# Venison/Elk.... not sure what to do with it.



## jirodriguez (Dec 16, 2009)

OK... so here is the weekend plan. I am smoking two chuckies and a pack of chicken leg quarters for me and my family. Smoker will be running at 225° with hickory. 
My soon to be brother-in-law has asked me to toss some venison (might be elk... not sure) that he has on as well. He will not be there, and I don't want to ruin his meat. I do know venison is very lean and I don't want to overcook it. I am not even sure what cuts he gave me, all wrapped in white paper - looks like some steaks maby and a very small roast?

My thought was to rub them with some EVOO and a pepper, herb, roasted garlic spice rub I have. Then smoking them till the internal temp hits 140-145, pull wrap in foil, and place in cooler to rest for an hour.

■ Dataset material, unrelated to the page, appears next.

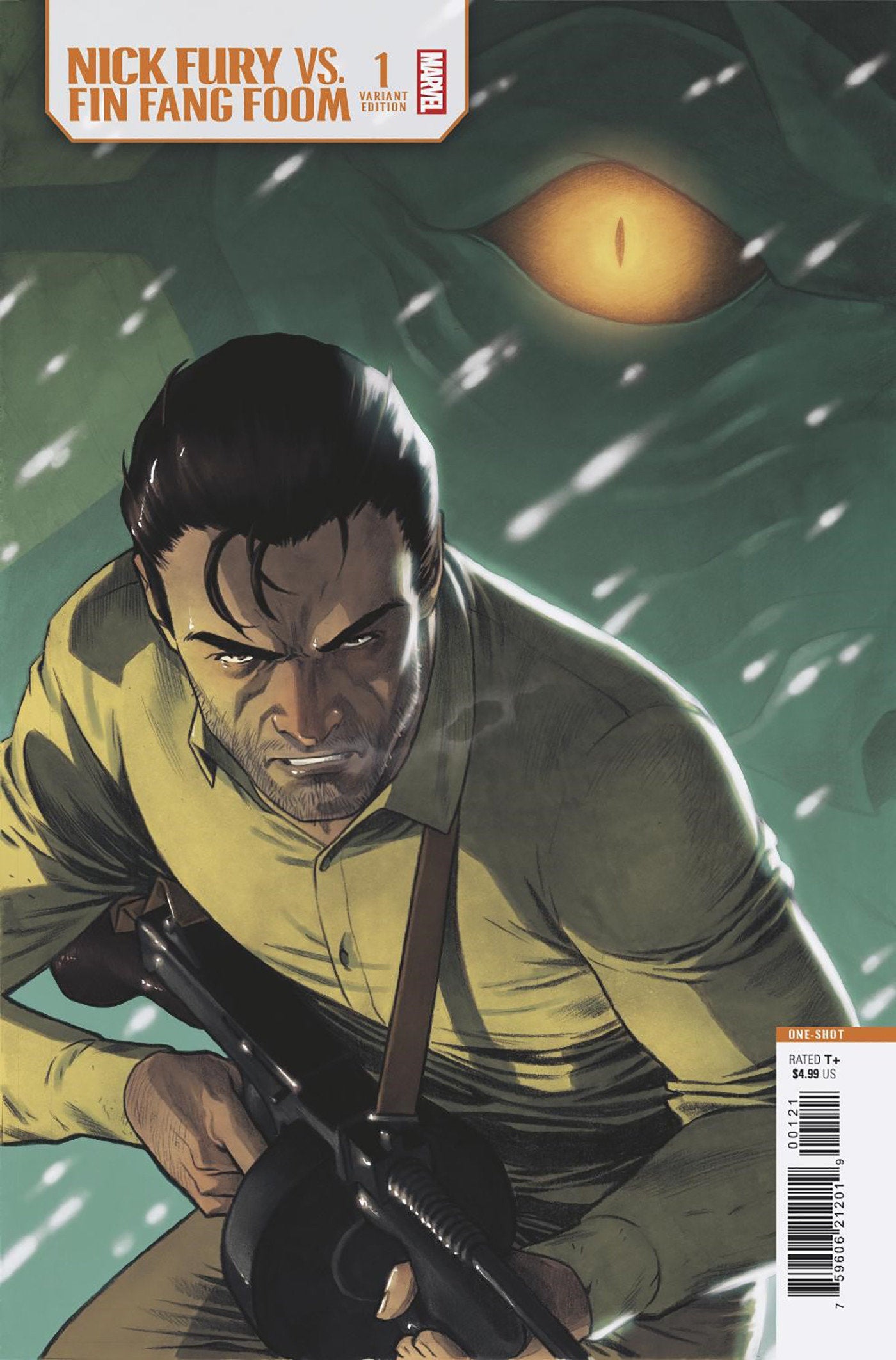 Nick Fury vs. Fin Fang Foom #1 Elena Casagrande Variant | BD Cosmos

Then vacuum bag them.

Any pointers, tips, advice.... snide remarks?


----------



## fire it up (Dec 16, 2009)

Can't help you on how to prepare/package it but I'm getting ready for this one.
You're probably going to get all kinds of advice from the multitude of folks on here who smoke venison on a regular basis.


----------



## txbbqman (Dec 16, 2009)

Here is my .02 cents worth

If it is Venison, and you were at my house, the steaks would be done Chicken Fried and the roast  on the smoker

The roast:  

First I would cut small slits all over the roast and insert Jalapeno Pepper pieces into the slits.

Second, Rub the entire roast with my rub, which is just Jeff's rub with a few small mods for venison

Third, I would wrap that bad boy in Bacon, because, yes venison is very lean and well to be honest everything is better with bacon

Then put it on the pit and smoke until your desired doneness(may not be a word)   and enjoy


----------



## meat hunter (Dec 16, 2009)

If it were me, I would take the steaks and cook them on the grill using good rub on them. The roast however, I would take and either use a rub of your liking or a simple rub of 2 tbls cracked black pepper, 1 1/2 tsp each of garlic and onion powder. Rubbed in good, set on smoker with a few strips of bacon. Smoke at 225-240 until an internal temp of 140-145. Have foil and some HOT beef broth on standby. Place roasts in foil right away followed up by a enough HOT beef broth to just cover the bottom. Around 2-3 tablespoons. Wrap tightly in the foil and let it rest for 30 minutes, keeping the whole thing wrapped in towels or something so it will not cool down. 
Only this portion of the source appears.